Source material START

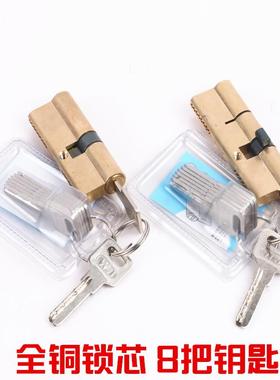 防盗门配件锁芯铁柄AB8把钥匙全铜门锁防盗防撬家用防盗门门锁芯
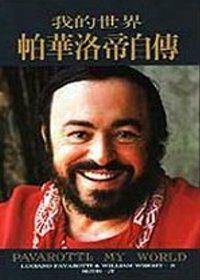 我的世界：帕華洛帝自傳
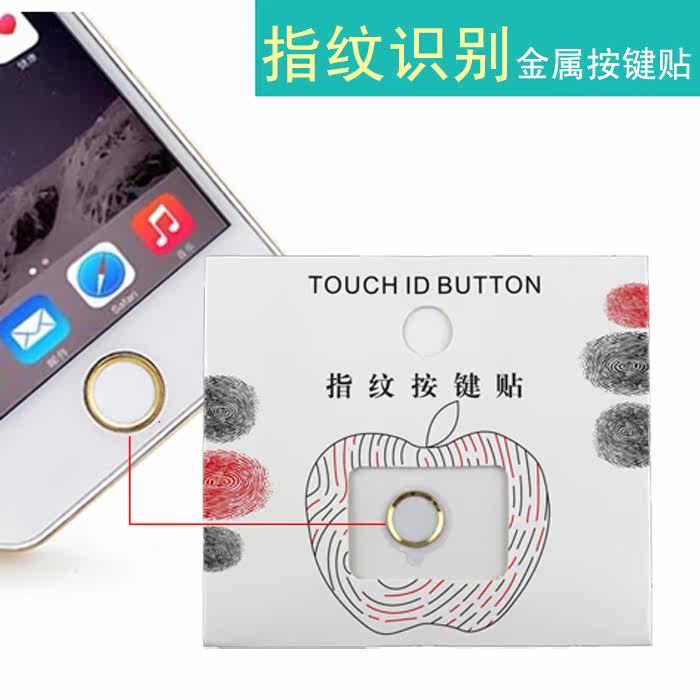 Sticker pour téléphone mobile - Ref 1372256 Image 1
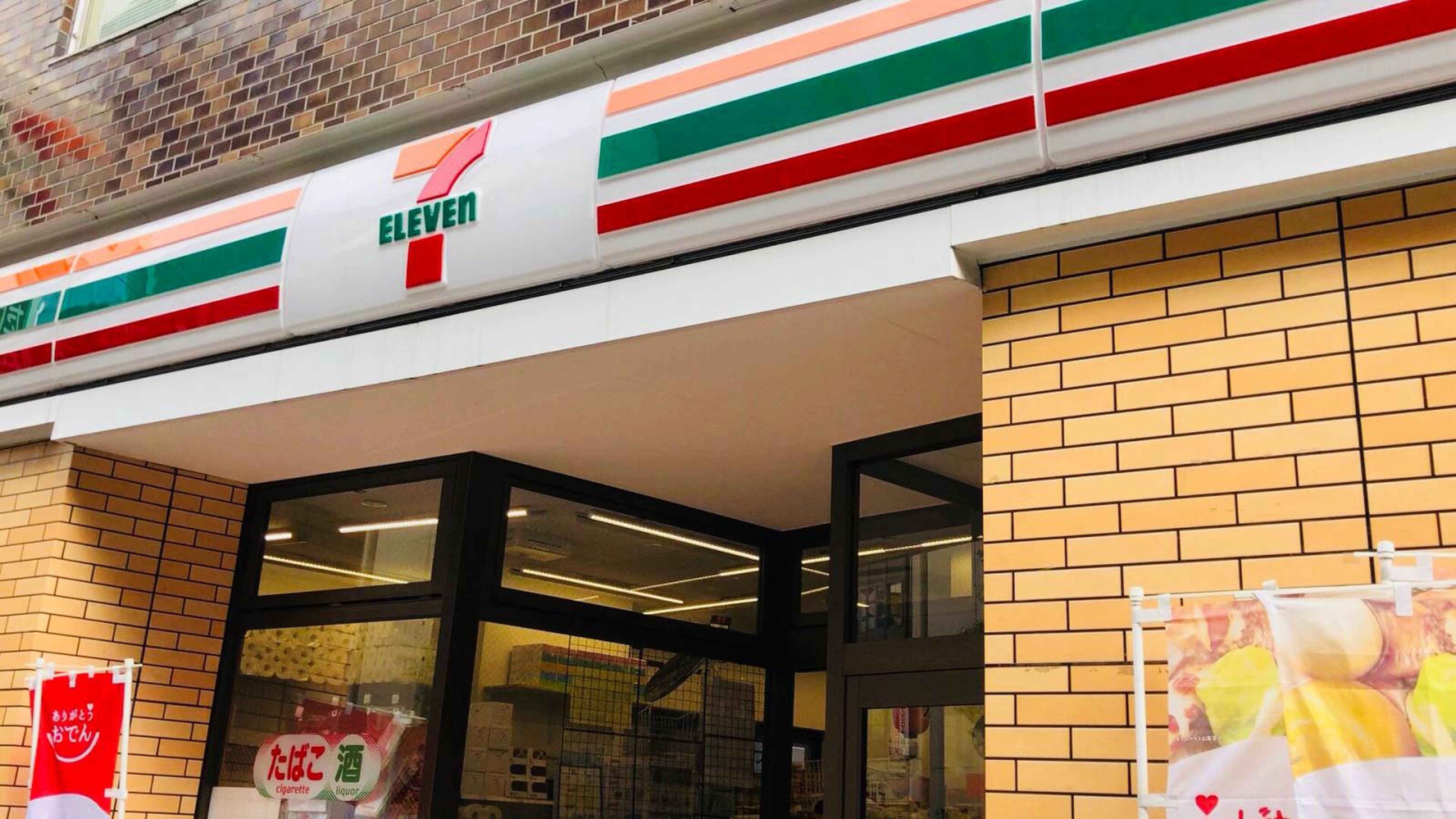 歌舞伎町のセブン異変！酒販売中止とトイレ封鎖に隠された真相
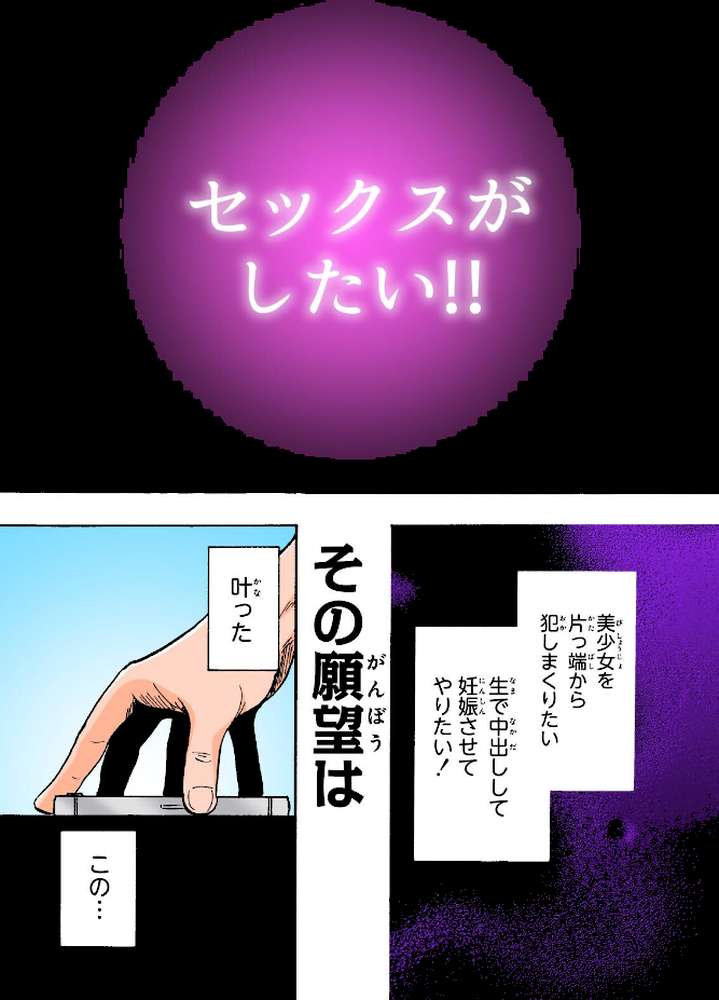 セックススマートフォン〜ハーレム学園総集編〜【フルカラー版】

Source material END

Activity –
All of the entries, apart from the pictures, must be returned exactly.

Response area –
 防盗门配件锁芯铁柄AB8把钥匙全铜门锁防盗防撬家用防盗门门锁芯
 我的世界：帕華洛帝自傳
 Sticker pour téléphone mobile - Ref 1372256 Image 1
 歌舞伎町のセブン異変！酒販売中止とトイレ封鎖に隠された真相
 セックススマートフォン〜ハーレム学園総集編〜【フルカラー版】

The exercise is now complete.